Behind the Brush: young artist featured in Micro Gallery


Caption: Martin’s oil painting “Nirvana Illusion” is on display at the Brambleton Libraries Micro Gallery Exhibit.

Sydney Martin is involved in the art program at Loudoun County High School. To those who know her this is no surprise, as the junior has been creating since sixth grade.

“At first I was obsessed with drawing eyes, and from there, faces,” Martin said.

Martin has been creating since she was 12 and has been making major improvements ever since.

“I first realized Sydney had a ton of potential way back in Art 1, when she drew an amazing pencil portrait of her favorite author,” Stephanie Woshner, Art Teacher and Artist said.

With five years under Marin’s belt she is still having a hard time knowing what theme and style fits her and represents her art best.

According to Woshner, art classes in ninth and tenth grade lean toward representational and realistic, where students are learning technique and developing a style.

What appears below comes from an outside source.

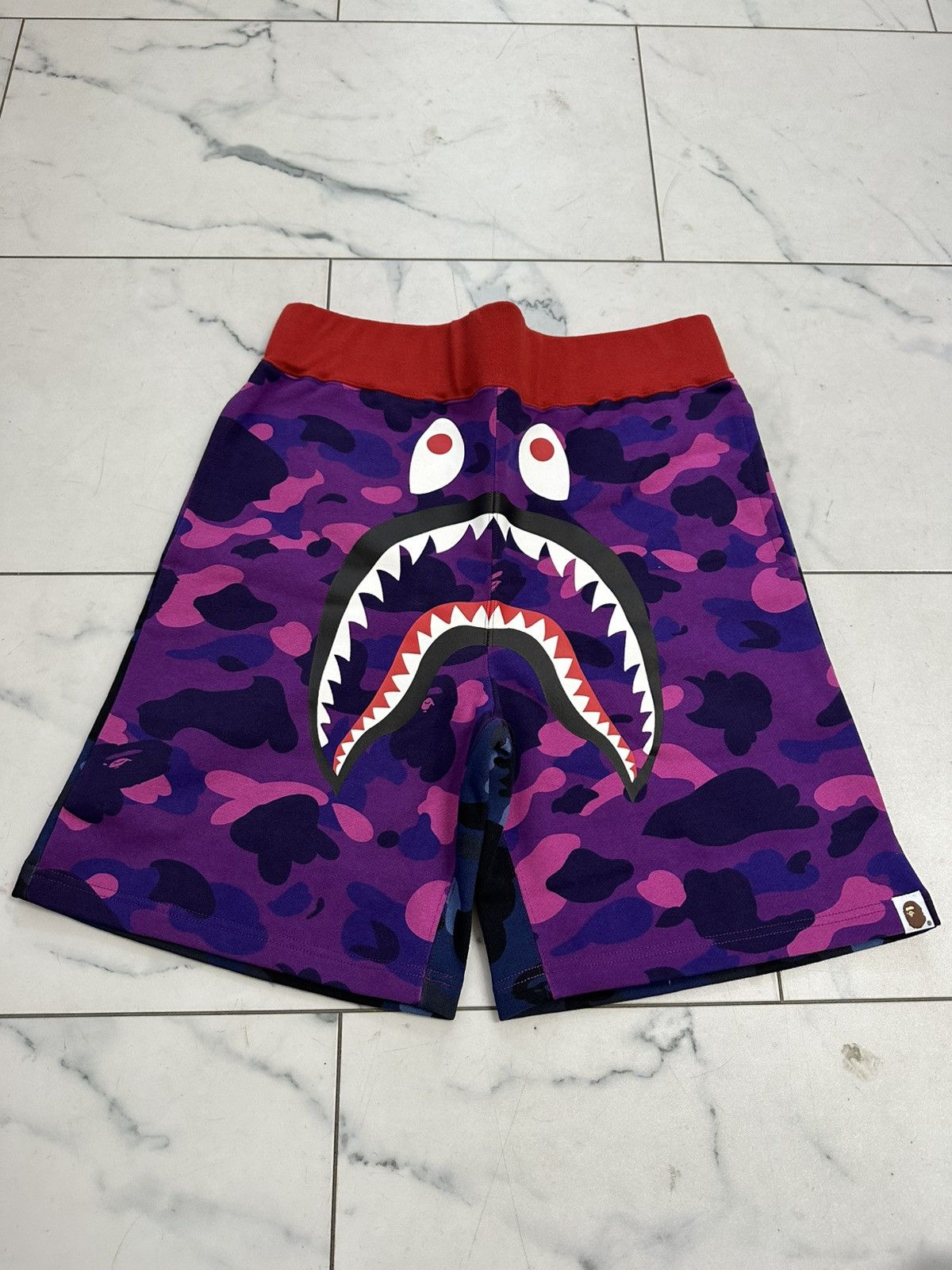 Bape Bape Shark Sweat Shorts Size US 34 / EU 50 - 1 Thumbnail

This year Martin has transitioned into a more surreal, abstract style which I LOVE,” Woshner said. “It is very unique and much her own.”

Woshner, Martin’s art teacher of three years, has seen Martin develop and learn multiple styles and themes. Woshner believes that Martin has a great amount of potential and has been a key factor in developing Marin’s love for art and for her own style.

“I strongly look up to El Greco and David Foster Wallace,” Martin said. “El greco’s dreamy realism has a quality of seamlessness which I hope to obtain one day. David Foster Wallace wrote with the detail I try to include in my paintings, and made familiar topics into deep and chaotic theories that cause the audience to think beyond the surface they are presented with.”

Martin’s passion for art and creativity has led her to think about her plans for the future.

“I have no certain colleges in mind for art, all I know is that a place that happens to be warm year round would help me stay motivated to create my best work.”

Martin hopes to make it big one day as an artist and hopes to be recognized and she wants to be able to sell her work to the world.

“In ten years I see myself making commissioned oil paintings with an atomic level of detail and mastery that I will have absorbed from my years at college majoring in fine arts/ painting!”

Woshner is ecstatic on watching how Martin does these next few years and is excited to make major progress and strives in college to be the best artist she can be.

“She is no longer timid or shy in her work,” Woshner said. “She is making her art for herself and no one else – that is a huge jump for an artist.”

“My goals with art is to develop a voice through my work, one that is perceived through interpretation but heard loudly by whomever the audience may be,” Martin said.